§ Brief:
Lines to restate from the data below: from the one containing "Chun-Li, Countless Kicks [Secret" to the one containing "Ghost Donkey - Lucha", both included. Give them again exactly, and only them.

*** Opening Records for the task ***

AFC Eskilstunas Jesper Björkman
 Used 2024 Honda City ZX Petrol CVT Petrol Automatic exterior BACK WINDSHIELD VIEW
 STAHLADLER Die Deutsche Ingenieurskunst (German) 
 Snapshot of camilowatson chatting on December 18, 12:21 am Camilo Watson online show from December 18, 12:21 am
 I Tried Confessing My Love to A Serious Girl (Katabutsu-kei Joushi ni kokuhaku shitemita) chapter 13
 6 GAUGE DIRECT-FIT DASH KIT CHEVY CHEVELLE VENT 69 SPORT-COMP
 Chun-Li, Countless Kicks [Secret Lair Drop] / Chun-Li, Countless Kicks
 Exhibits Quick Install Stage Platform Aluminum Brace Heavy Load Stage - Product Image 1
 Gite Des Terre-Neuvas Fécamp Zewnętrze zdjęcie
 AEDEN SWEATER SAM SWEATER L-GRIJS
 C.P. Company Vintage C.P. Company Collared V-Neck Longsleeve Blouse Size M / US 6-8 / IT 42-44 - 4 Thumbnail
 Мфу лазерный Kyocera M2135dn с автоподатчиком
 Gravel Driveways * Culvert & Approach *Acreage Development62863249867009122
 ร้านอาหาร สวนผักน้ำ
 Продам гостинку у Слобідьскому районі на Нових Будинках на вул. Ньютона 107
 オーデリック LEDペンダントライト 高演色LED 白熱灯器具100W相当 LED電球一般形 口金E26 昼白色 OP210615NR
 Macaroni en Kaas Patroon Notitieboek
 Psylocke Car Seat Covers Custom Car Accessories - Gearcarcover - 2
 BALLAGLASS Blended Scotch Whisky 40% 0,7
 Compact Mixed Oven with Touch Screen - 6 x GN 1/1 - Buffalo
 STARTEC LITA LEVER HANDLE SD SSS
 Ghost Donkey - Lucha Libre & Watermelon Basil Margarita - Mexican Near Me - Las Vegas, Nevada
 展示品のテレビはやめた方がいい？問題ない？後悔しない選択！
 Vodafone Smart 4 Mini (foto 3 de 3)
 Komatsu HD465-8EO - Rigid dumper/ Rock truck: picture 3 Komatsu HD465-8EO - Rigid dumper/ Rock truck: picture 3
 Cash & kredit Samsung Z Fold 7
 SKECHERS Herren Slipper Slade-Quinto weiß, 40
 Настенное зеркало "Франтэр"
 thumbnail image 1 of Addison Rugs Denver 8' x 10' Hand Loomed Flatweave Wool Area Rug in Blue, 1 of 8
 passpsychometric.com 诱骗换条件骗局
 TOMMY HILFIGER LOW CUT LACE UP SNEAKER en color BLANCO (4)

*** Closing Records for the task ***

§ Answer box:
 Chun-Li, Countless Kicks [Secret Lair Drop] / Chun-Li, Countless Kicks
 Exhibits Quick Install Stage Platform Aluminum Brace Heavy Load Stage - Product Image 1
 Gite Des Terre-Neuvas Fécamp Zewnętrze zdjęcie
 AEDEN SWEATER SAM SWEATER L-GRIJS
 C.P. Company Vintage C.P. Company Collared V-Neck Longsleeve Blouse Size M / US 6-8 / IT 42-44 - 4 Thumbnail
 Мфу лазерный Kyocera M2135dn с автоподатчиком
 Gravel Driveways * Culvert & Approach *Acreage Development62863249867009122
 ร้านอาหาร สวนผักน้ำ
 Продам гостинку у Слобідьскому районі на Нових Будинках на вул. Ньютона 107
 オーデリック LEDペンダントライト 高演色LED 白熱灯器具100W相当 LED電球一般形 口金E26 昼白色 OP210615NR
 Macaroni en Kaas Patroon Notitieboek
 Psylocke Car Seat Covers Custom Car Accessories - Gearcarcover - 2
 BALLAGLASS Blended Scotch Whisky 40% 0,7
 Compact Mixed Oven with Touch Screen - 6 x GN 1/1 - Buffalo
 STARTEC LITA LEVER HANDLE SD SSS
 Ghost Donkey - Lucha Libre & Watermelon Basil Margarita - Mexican Near Me - Las Vegas, Nevada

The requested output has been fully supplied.